Building autonomous robotic agents capable of achieving human-level performance in real-world embodied tasks is an ultimate goal in humanoid robot research. Recent advances have made significant progress in high-level cognition with Foundation Models (FMs) and low-level skill development for humanoid robots. However, directly combining these components often results in poor robustness and efficiency due to compounding errors in long-horizon tasks and the varied latency of different modules. We introduce Being-0, a hierarchical agent framework that integrates an FM with a modular skill library.

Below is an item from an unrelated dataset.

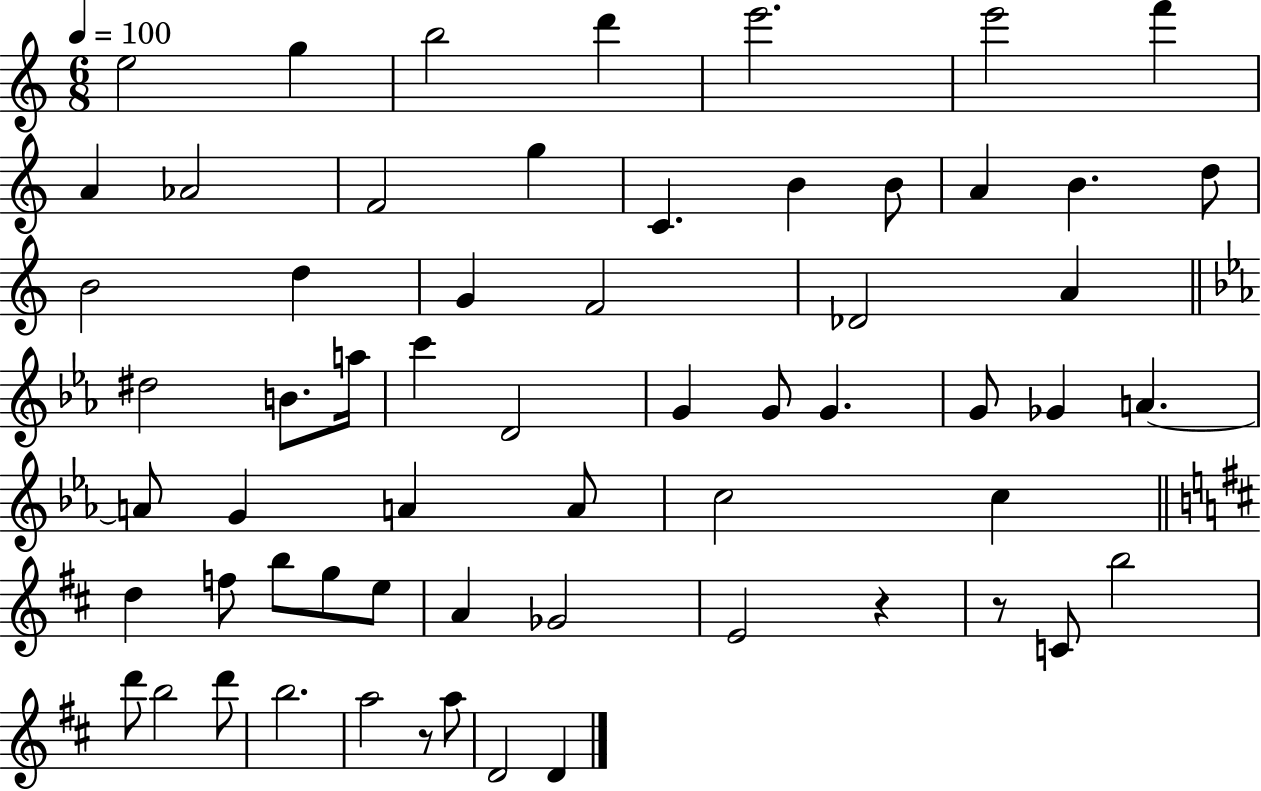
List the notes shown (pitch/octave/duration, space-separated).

E5/h G5/q B5/h D6/q E6/h. E6/h F6/q A4/q Ab4/h F4/h G5/q C4/q. B4/q B4/e A4/q B4/q. D5/e B4/h D5/q G4/q F4/h Db4/h A4/q D#5/h B4/e. A5/s C6/q D4/h G4/q G4/e G4/q. G4/e Gb4/q A4/q. A4/e G4/q A4/q A4/e C5/h C5/q D5/q F5/e B5/e G5/e E5/e A4/q Gb4/h E4/h R/q R/e C4/e B5/h D6/e B5/h D6/e B5/h. A5/h R/e A5/e D4/h D4/q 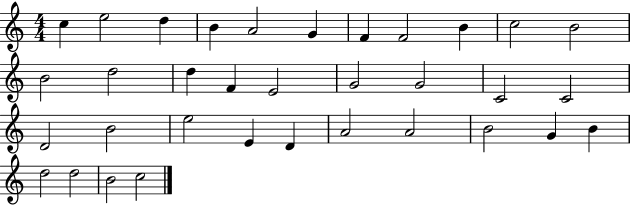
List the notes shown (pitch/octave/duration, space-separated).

C5/q E5/h D5/q B4/q A4/h G4/q F4/q F4/h B4/q C5/h B4/h B4/h D5/h D5/q F4/q E4/h G4/h G4/h C4/h C4/h D4/h B4/h E5/h E4/q D4/q A4/h A4/h B4/h G4/q B4/q D5/h D5/h B4/h C5/h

The FM handles high-level cognitive tasks such as instruction understanding, task planning, and reasoning, while the skill library provides stable locomotion and dexterous manipulation for low-level control. To bridge the gap between these levels, we propose a novel Connector module, powered by a lightweight vision-language model (VLM). The Connector enhances the FM's embodied capabilities by translating language-based plans into actionable skill commands and dynamically coordinating locomotion and manipulation to improve task success. With all components, except the FM, deployable on low-cost onboard computation devices, Being-0 achieves efficient, real-time performance on a full-sized humanoid robot equipped with dexterous hands and active vision. Extensive experiments in large indoor environments demonstrate Being-0's effectiveness in solving complex, long-horizon tasks that require challenging navigation and manipulation subtasks. For further details and videos, visit https://beingbeyond.github.io/Being-0.

Paper Structure

This paper contains 29 sections, 13 figures, 18 tables, 3 algorithms.

Figures (13)

  • Figure 1: Overview of the Being-0 framework. The humanoid agent framework, Being-0, comprises three key components: (1) the Foundation Model (FM) for high-level task planning and reasoning, (2) the Connector, a vision-language model (VLM) that bridges the FM and low-level skills, and (3) the Modular Skill Library for robust locomotion and dexterous manipulation. Together, these components enable Being-0 to effectively control a full-sized humanoid robot equipped with multi-fingered hands and active vision, solving complex, long-horizon embodied tasks in real-world environments.
  • Figure 2: Workflow of Being-0 for the task "make a cup of coffee". The figure illustrates the step-by-step execution of the task, with images arranged in two rows. The execution order proceeds left to right in the first row, then continues left to right in the second row. Images with yellow borders indicate decision-making points for the Foundation Model (FM). The yellow dialog boxes display the FM's plans, the green boxes show decisions made by the Connector, and the blue boxes represent the skills called from the modular skill library.
  • Figure 3: A comparison of Being-0 w/o Connector and Being-0 in the long-horizon task "Prepare-coffee." The first row shows recordings of Being-0 without the Connector, while the second row shows recordings of Being-0 with the Connector. Being-0 w/o Connector frequently queries the FM, which often fails to provide correct plans due to its limited embodied scene understanding. In contrast, Being-0 with the Connector completes the task, requiring only a few queries to the FM.
  • Figure 4: Recordings from the ablation study on the active camera. Each row represents a different camera configuration, with the left three images depicting the navigation task and the right three images depicting the manipulation task. Only Being-0 with an active camera achieves robust performance in both navigation and manipulation.
  • Figure 5: A comparison of Being-0 with and without the adjustment method in two-stage tasks involving navigation and manipulation. Each row corresponds to a specific task, with the left three images showing results for Being-0 w/o Adjustment and the right three images showing results for Being-0. Without adjustment, the agent may terminate navigation in improper poses, leading to failed manipulations.